- _Stored data_:
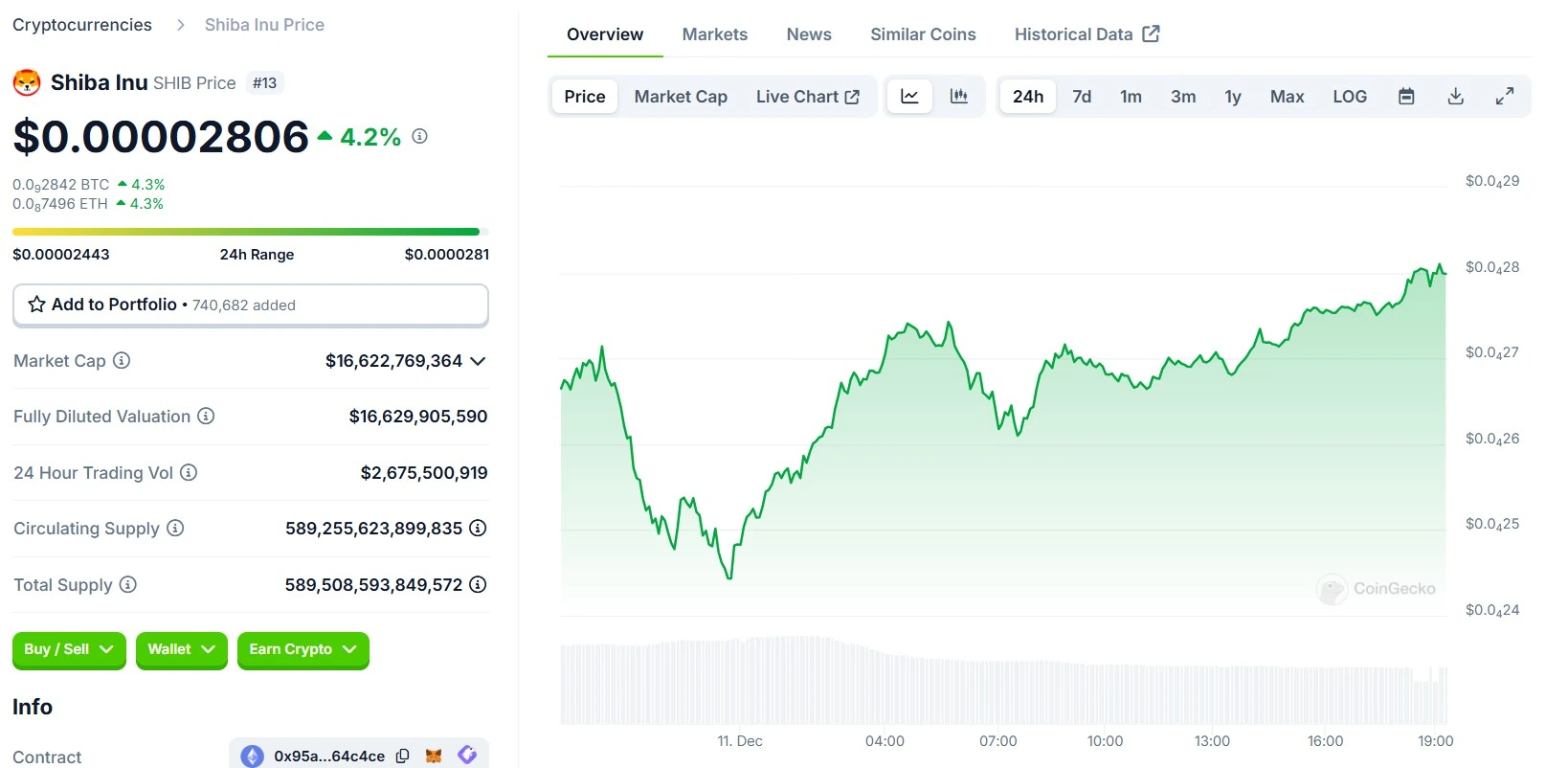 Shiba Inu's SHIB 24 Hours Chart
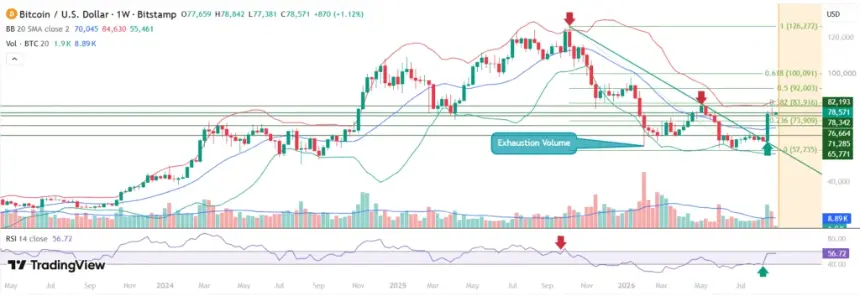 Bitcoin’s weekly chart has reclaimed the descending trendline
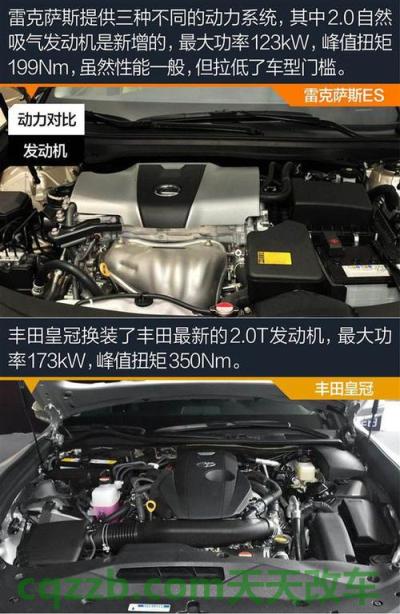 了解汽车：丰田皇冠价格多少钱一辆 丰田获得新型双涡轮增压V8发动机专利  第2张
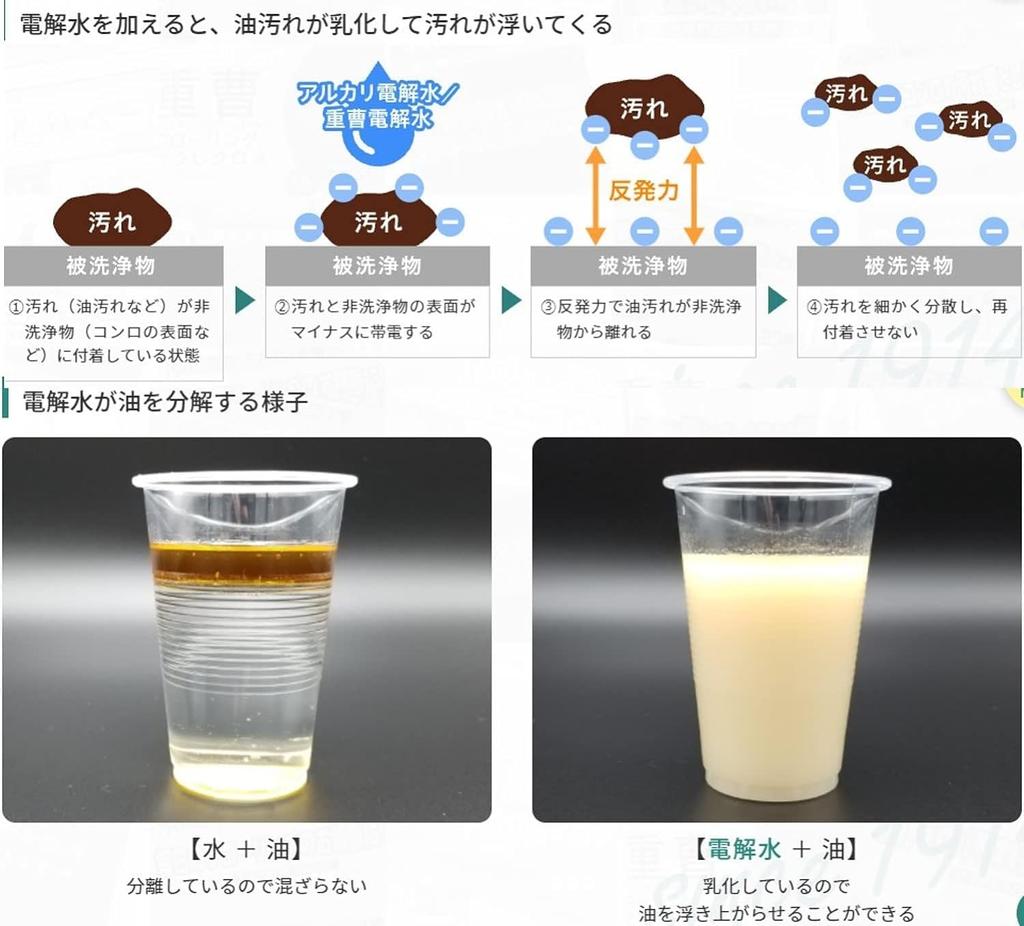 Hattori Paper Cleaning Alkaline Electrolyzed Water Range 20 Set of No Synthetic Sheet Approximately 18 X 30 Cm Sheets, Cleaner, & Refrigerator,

- _Requirement_: Wherever a picture appears in the listing above, drop it, and restate the rest exactly.

- _Output_:
 Shiba Inu's SHIB 24 Hours Chart
 Bitcoin’s weekly chart has reclaimed the descending trendline
 了解汽车：丰田皇冠价格多少钱一辆 丰田获得新型双涡轮增压V8发动机专利  第2张
 Hattori Paper Cleaning Alkaline Electrolyzed Water Range 20 Set of No Synthetic Sheet Approximately 18 X 30 Cm Sheets, Cleaner, & Refrigerator,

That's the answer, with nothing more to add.